Short course: Nanomaterials for biological and pharmaceutical technologies

(Nanowerk News) A newly announced course in MIT's Professional Education Program – Nanomaterials for Biological and Pharmaceutical Technologies – will provide a comprehensive overview of how nanomaterials such as nanoparticles, nanocapsules, micelles, microemulsions, liposomes, nanoporous materials, and polymer multilayers can be prepared, stabilized, surface-functionalized and assembled for applications in biotechnology, biomedicine, and pharmaceuticals. Specific applications include biosensing, drug delivery, imaging, bioseparations, biocatalysis, biomolecular assembly, and molecular diagnostics.
Course Onjectives
The goal of this course is to present a comprehensive overview of how soft and hard nanomaterials can be prepared, modified and used in a variety of biotechnology, biomedicine and pharmaceutical applications, to industrial scientists and engineers and those with managerial responsibility for research. First the course will cover the fundamental physical chemical principles that govern the formation and properties of soft nanomaterials such as micelles, vesicles, microemulsions, liposomes, block copolymer nanocolloids, polymer multilayers and nanocapsules. The preparation of nanoparticles and nanoporous materials will be also be described. Second, methods to stabilize and functionalize nanomaterials, important experimental techniques to characterize the properties of structured fluids and nanoparticles, and methods to assemble nanoparticles in one, two or three dimensions for applications will be reviewed. Third, the applications of soft and hard nanomaterials to various areas of bio and pharmaceutical technologies will be discussed. Specifically, applications including biosensing, drug delivery, imaging, bioseparations, biocatalysis, biomolecular assembly, and molecular diagnostics will be emphasized. Throughout the course, effort will be made to provide a molecular and intuitive understanding of the field, accompanied wherever necessary by quantitative models.
Learning Objectives
  • Describe structured fluid systems, how they can be created from molecular species, and ways by which one can select molecular systems to generate the desired type of soft nanomaterials.

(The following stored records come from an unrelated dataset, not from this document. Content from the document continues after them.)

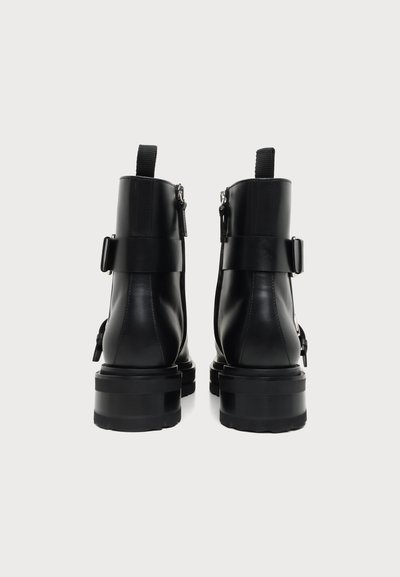Paire de bottines en cuir noir avec semelles épaisses, languettes à l'arrière, fermetures éclair latérales et sangles décoratives avec boucles, vue de dos.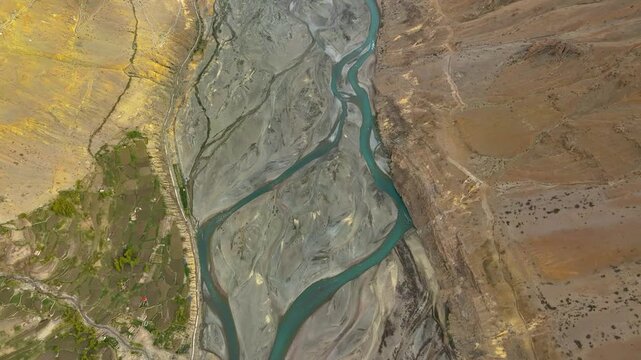 spiti river aerial view, dramatic canyon landscape, himalayas himachal pradesh india
spiti valley river drone shot, rugged mountain canyon, cold desert india
winding spiti river aerial, dramatic sky h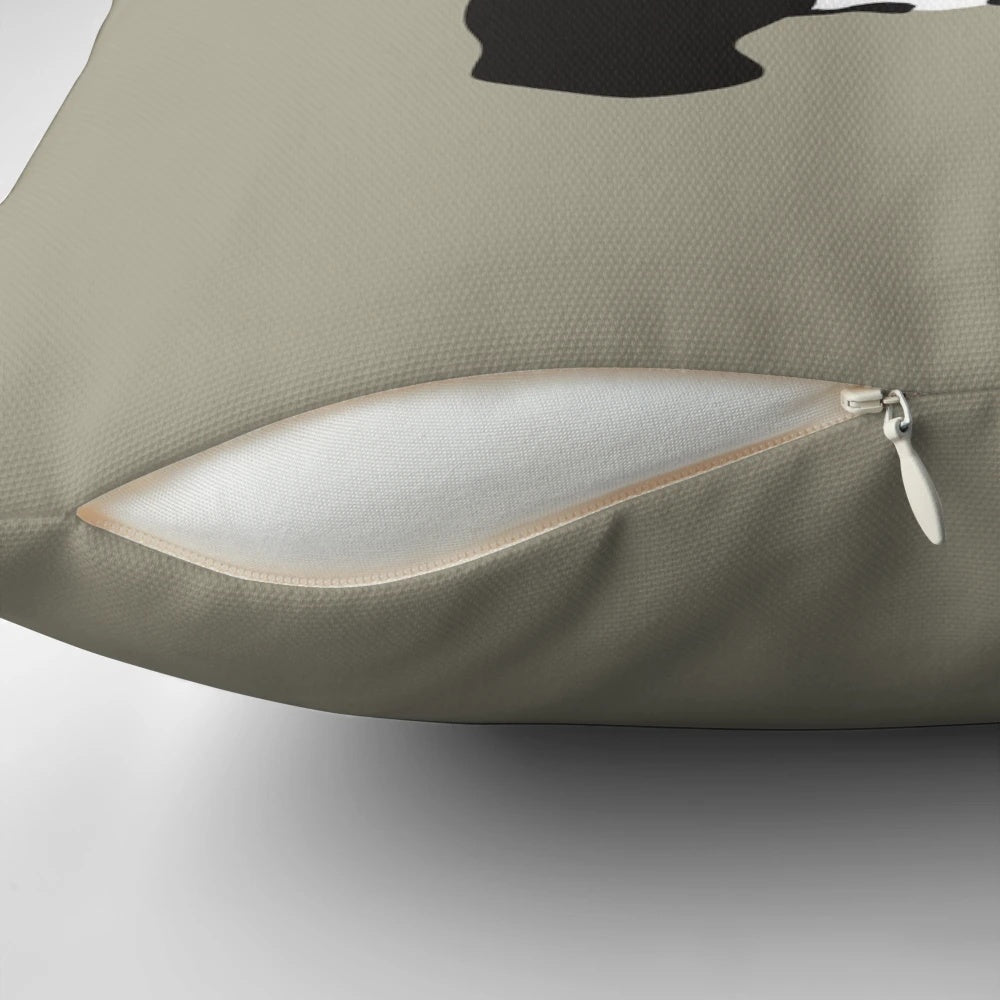 Decorative pillow featuring Banksy's iconic panda graffiti holding guns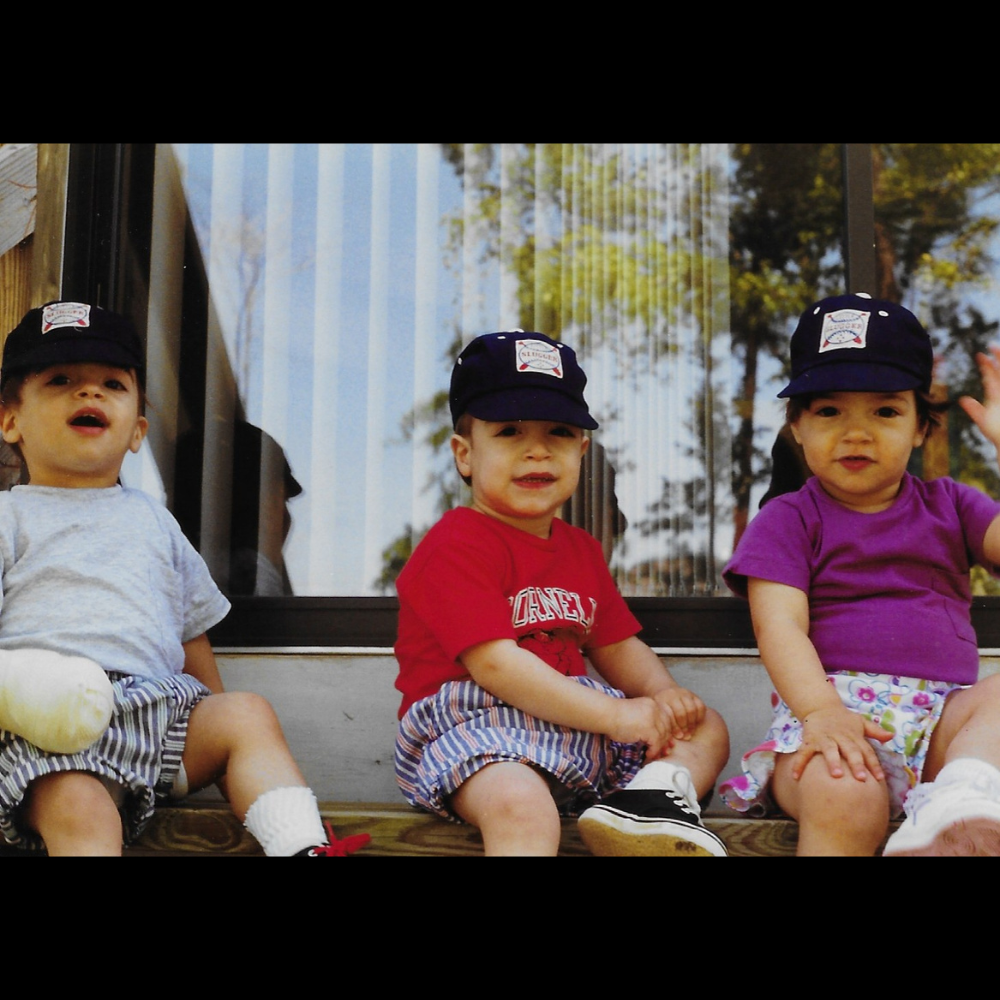 Izzy and her two brothers sitting together as babies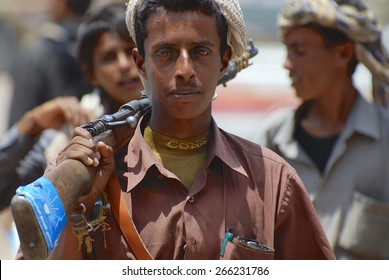 ADEN, YEMEN - SEPTEMBER 14, 2006: Unidentified Young Yemeni Man Holds A Rifle In Aden, Yemen.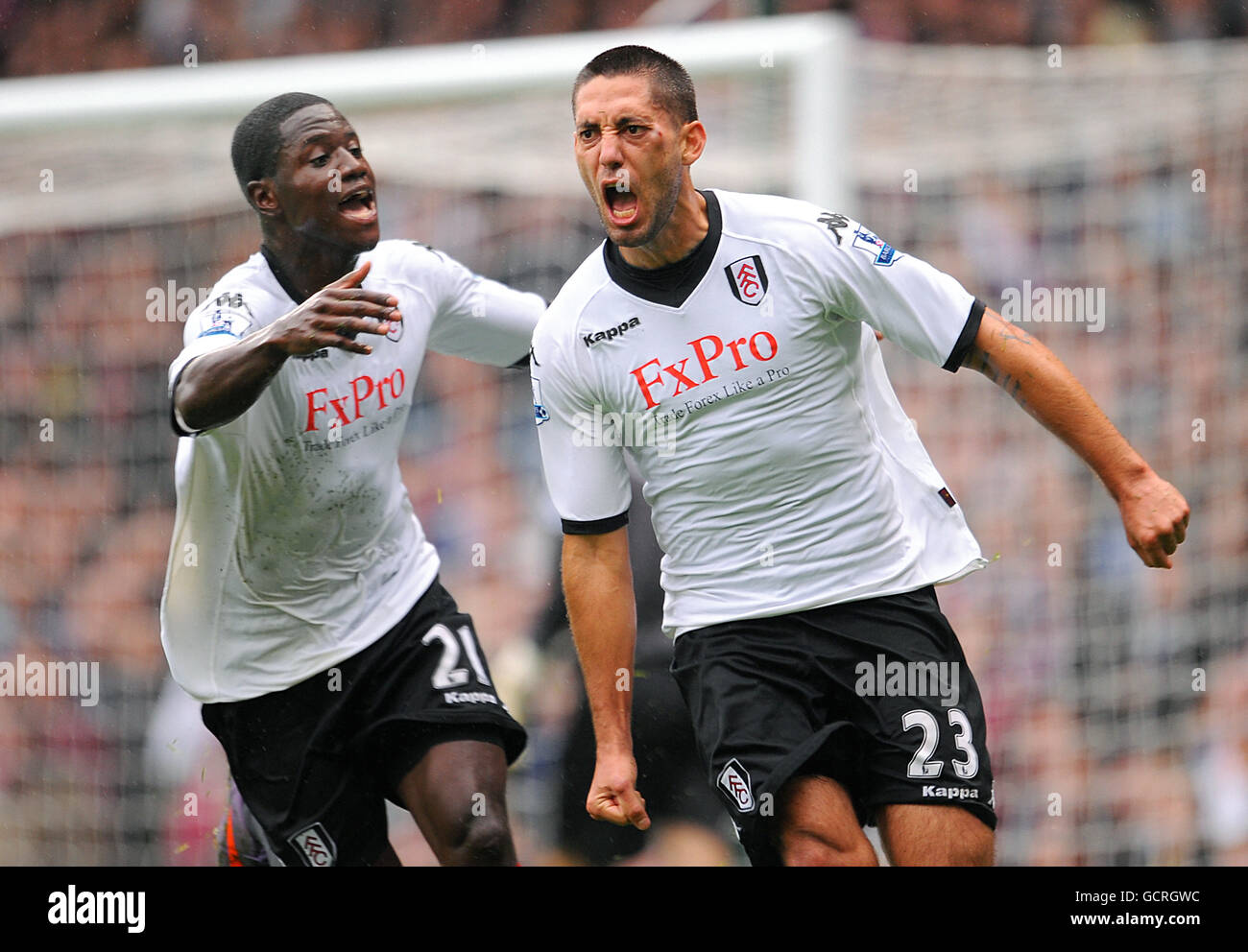 Fulham's Clint Dempsey (right) celebrates after scoring the opening goal of  the game with his team-mate Eddie Johnson (left Stock Photo - Alamy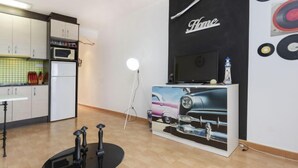Eine moderne Küche mit weißen Schränken, einer Mikrowelle und einem kleinen Esstisch mit Hocker.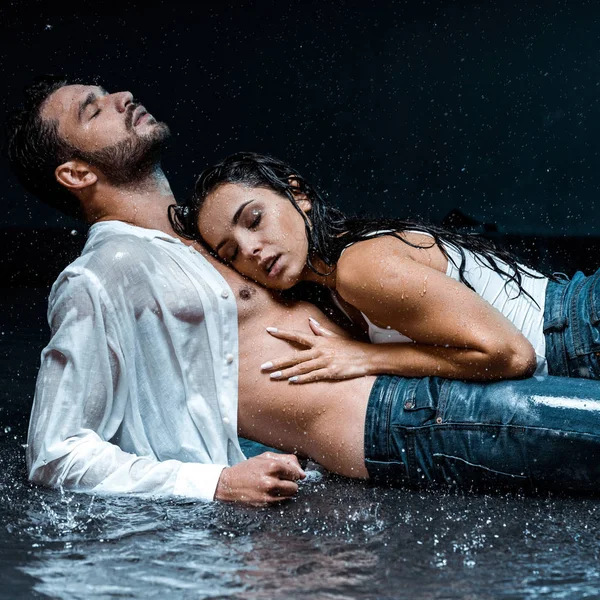 Sexy and wet girl lying with handsome boyfriend under raindrops on black — Stock Photo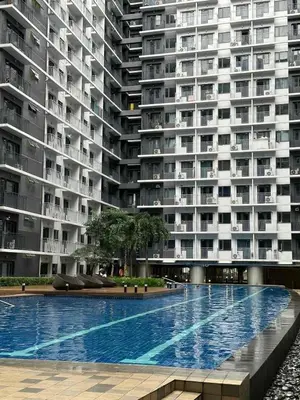 a large apartment building with a large swimming pool at EyaLove's Staycation in Manila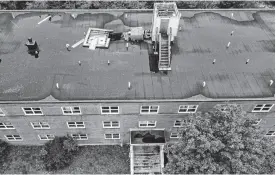  ?? TIM KROCHAK ■ THE CHRONICLE HERALD ?? The remains of a collapsed chimney lie next to a roofless elevator hoistway on the roof of a Lawrence Street apartment building in Dartmouth last week.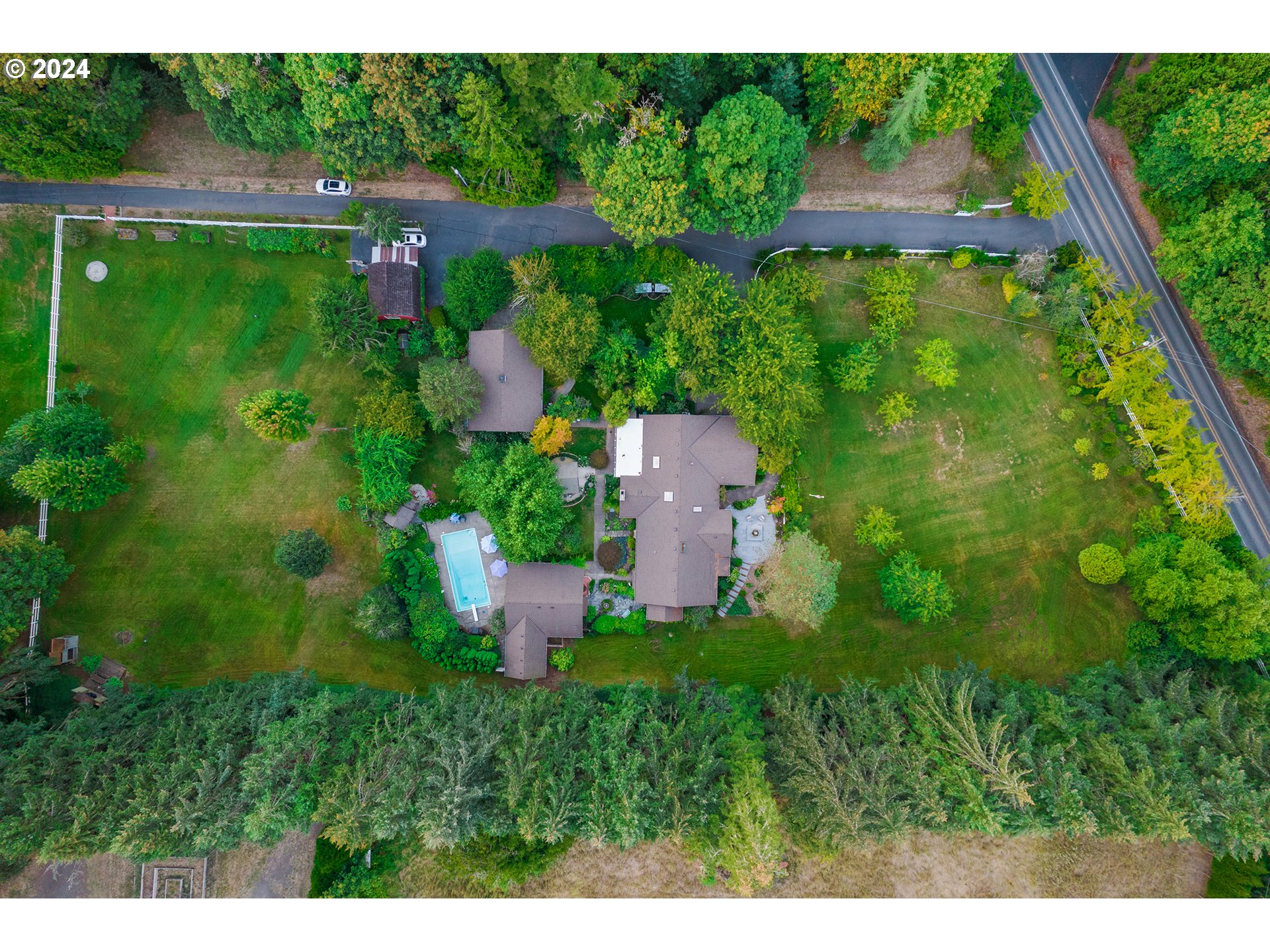 21545 Southwest Johnson Road West Linn, OR 97068 - Photo 2 of 43 a view of a garden with an outdoor space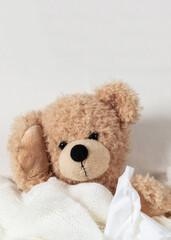 Cold, flu or allergy. Cute teddy in bed sneezing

  • Appreciate the important experimental techniques that are available to characterize soft and hard nanomaterials.
  • Examine how structured fluids can be exploited to produce novel materials, including various nanoparticle systems, mesoporous materials, and polymers and gels.
  • Understand the various methods available to synthesize nanoparticles, functionalize them and assemble them into one, two or three dimensional materials.
  • Analyze how structured fluids and nanoparticles can be exploited for biomedical, pharmaceutical and biotechnology applications, including biosensing, drug delivery, imaging, bioseparations, biocatalysis, biomolecular assembly, and molecular diagnostics.
  • Model potential future applications that can come by exploiting the nano, meso and micro structural features of structured fluids and nanoparticles.
  • Who Should Attend
    This course is designed for industrial scientists and engineers and research managers. The following groups will find the course of value to them:
  • biologists, physicists, chemists and engineers interested in gaining exposure to the field of structured fluids and nanoparticles, including their physical chemical foundations and experimental characterization methods for adapting them in their own research activities;
  • engineers and scientists in the pharmaceutical, food, cosmetics, personal care products, and biotechnology industries, who are interested to learn how the soft and hard nanomaterials can be exploited to create new products or processes of relevance to their industries;
  • managers responsible for research and development activities or process engineering who would like to gain an appreciation of the potential benefits that can emerge from the use of structured fluids and nanoparticles for creating new products or processes.